The National Education Association is suggesting to teachers that they be careful on the first anniversary of the September 11 attacks not to "suggest any group is responsible" for the terrorist hijackings that killed more than 3,000 people.
You mean al-Qaeda didn't do it? Who did? Esquimeaux? Samoans? Did the Japanese come back?
Suggested lesson plans compiled by the NEA recommend that teachers "address the issue of blame factually," noting: "Blaming is especially difficult in terrorist situations because someone is at fault. In this country, we still believe that all people are innocent until solid, reliable evidence from our legal authorities proves otherwise."
It would seem that blaming would be especially easy, since someone is at fault, unless you don't want to offend anyone by blaming them. Don't we have a vid with Binny bragging about it? And didn't Sully 'fess up? Remember? "Let America be prepared to fasten its seat belt because, thanks to God, we are going to surprise it in a place where it is not expecting." It took less than two days to figure whodunnit last September. Or has the NEA uncovered new evidence to the contrary?

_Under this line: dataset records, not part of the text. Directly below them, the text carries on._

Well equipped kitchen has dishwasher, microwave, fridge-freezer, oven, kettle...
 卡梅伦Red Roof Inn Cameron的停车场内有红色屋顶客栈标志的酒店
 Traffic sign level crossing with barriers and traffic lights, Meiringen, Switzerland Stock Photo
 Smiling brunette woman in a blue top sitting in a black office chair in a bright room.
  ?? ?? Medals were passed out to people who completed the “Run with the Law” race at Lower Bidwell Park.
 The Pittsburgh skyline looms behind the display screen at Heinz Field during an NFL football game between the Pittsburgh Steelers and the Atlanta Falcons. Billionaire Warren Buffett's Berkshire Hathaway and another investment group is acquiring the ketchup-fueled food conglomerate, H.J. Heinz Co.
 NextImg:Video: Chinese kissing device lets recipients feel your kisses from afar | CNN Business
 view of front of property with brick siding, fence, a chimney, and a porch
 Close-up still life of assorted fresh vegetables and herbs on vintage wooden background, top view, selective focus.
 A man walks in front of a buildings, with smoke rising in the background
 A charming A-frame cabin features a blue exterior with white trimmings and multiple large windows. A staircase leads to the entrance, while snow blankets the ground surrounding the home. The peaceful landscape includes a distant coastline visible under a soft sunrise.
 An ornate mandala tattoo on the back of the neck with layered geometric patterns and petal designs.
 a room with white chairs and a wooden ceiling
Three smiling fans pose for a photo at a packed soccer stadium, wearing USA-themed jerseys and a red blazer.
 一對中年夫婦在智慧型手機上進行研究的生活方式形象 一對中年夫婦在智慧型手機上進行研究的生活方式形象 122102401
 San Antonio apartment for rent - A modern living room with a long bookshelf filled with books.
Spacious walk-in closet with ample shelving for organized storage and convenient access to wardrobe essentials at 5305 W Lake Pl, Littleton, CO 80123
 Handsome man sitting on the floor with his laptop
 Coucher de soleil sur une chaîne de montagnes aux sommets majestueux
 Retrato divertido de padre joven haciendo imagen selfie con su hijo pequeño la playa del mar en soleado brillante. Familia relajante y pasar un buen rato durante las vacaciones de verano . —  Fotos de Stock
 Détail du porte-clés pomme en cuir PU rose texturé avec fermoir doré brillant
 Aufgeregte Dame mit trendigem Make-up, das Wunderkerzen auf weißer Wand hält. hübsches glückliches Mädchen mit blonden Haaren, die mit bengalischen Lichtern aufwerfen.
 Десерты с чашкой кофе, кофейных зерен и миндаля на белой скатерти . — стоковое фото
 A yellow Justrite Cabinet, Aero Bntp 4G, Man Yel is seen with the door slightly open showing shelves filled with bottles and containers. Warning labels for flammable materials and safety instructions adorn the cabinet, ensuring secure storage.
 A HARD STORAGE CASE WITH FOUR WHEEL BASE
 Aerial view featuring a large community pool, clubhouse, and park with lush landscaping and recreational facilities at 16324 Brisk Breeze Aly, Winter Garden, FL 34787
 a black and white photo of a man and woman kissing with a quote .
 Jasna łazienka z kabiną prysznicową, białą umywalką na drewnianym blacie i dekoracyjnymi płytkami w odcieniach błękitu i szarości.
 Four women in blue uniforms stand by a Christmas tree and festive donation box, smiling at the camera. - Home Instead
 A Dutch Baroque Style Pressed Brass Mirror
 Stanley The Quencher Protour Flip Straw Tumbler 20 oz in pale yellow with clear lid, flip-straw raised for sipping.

But another of the suggested NEA lesson plans — compiled together under the title "Remember September 11" and appearing on the teachers union health information network Web site — takes a decidedly blame-America approach, urging educators to "discuss historical instances of American intolerance," so that the American public avoids "repeating terrible mistakes."
Such terrible mistakes as kissing the wife and kiddies goodbye, going to work in the morning, having a bagel, and then being incinerated? That was the tack the less imaginative or cautious academic anti-Americans took in the immediate wake of the attack. In the face of normal people snarling at them, they retreated to their holes, waited for things to blow over, and then cautiously re-emerged. Except for an occasional fisking by bloggers they've since resumed going about their business, the while whining about how oppressed they were when people pointed out how foolish they were.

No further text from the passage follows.